Metamaterials are materials engineered to have properties that do not occur naturally. Mechanical metamaterials are “designer” materials with exotic mechanical properties mainly controlled by their unique architecture rather than their chemical make-up. While a number of such mechanical metamaterials exist, one class of such mechanical metamaterials is known as auxetic materials (or simply “auxetics”). Auxetics are materials which have a negative Poisson's ratio. The Poisson's ratio (ν) of any material is the ratio between the transverse strain εt and the longitudinal strain εl in the loading direction (wherein ν=−εt/εl). Accordingly, for negative Poisson's ratio materials (i.e. ν is negative) auxetics become wider and/or thicker, rather than thinner, when stretched. In other words, such auxetics which have a negative Poisson's ratio become thicker and/or wider in a direction perpendicular to the direction of the applied force.
A variety of geometrically-generated auxetics are known. In many cases, for example, a planar sheet of material may be perforated with a given geometric pattern in order to produce a geometric configuration which will enable an auxetic response (i.e. the planar sheet will get transversely wider, rather than thinner) when the material is stretched in a longitudinal loading direction.

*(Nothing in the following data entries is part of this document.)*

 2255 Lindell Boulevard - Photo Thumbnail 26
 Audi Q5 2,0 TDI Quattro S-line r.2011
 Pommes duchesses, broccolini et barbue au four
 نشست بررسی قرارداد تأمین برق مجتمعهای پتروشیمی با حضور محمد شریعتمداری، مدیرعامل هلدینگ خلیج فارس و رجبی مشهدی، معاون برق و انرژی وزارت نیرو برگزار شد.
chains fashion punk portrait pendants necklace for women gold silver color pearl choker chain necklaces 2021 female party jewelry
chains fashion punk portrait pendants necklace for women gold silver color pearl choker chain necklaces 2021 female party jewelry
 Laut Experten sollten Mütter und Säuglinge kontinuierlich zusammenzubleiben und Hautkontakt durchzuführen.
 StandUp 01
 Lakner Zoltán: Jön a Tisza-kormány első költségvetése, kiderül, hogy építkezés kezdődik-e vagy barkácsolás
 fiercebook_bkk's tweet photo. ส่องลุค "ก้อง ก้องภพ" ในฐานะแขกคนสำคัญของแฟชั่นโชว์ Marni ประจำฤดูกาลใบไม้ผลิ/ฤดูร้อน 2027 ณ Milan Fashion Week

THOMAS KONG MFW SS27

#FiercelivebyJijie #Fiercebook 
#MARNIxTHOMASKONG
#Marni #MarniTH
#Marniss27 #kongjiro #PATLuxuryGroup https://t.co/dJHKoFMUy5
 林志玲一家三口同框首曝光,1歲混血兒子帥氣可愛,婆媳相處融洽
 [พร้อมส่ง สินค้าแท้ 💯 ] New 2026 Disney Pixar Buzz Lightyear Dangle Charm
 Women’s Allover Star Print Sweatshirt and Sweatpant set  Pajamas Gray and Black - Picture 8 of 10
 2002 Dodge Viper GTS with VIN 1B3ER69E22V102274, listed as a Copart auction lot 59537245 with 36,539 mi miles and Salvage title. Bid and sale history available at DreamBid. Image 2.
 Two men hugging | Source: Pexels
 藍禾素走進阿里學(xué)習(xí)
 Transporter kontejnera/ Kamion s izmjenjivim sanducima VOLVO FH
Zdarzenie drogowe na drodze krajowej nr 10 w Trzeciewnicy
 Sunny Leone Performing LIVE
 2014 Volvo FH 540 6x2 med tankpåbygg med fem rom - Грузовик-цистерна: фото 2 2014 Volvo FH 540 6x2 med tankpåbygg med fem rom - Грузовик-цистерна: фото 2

The planar sheet may for example be perforated with incisions extending in predetermined directions and patterns, thereby forming the predetermined geometric configuration in the material which will enable the desired auxetic response when a tensile force is applied to the material in a predetermined loading direction. The resulting auxetic behavior can be tuned (either isotropically or anisotropically) at targeted expandability, a feature that can be an asset for highly flexible and stretchable devices.
While the unusual behaviour of auxetics, governed by their negative Poisson's ratio, has been found to be well-suited for designing shape transforming metamaterials, there exists challenges with current auxetic designs that use monolithic materials, including the fact that they are “monostable” (i.e. they cannot maintain the transformed shape upon load removal). Existing auxetics that are obtained from such elastic monolithic materials therefore resume to their un-deformed configuration upon load removal.
Shape transformations using such monostable auxetic materials can be programmed by exploiting the nontrivial deformation modes pertinent to elastic instabilities. However, achieving shape alterations that are robust and stable is challenging, since a pre-stressed state has to be maintained in the structure to maintain its deformed shape.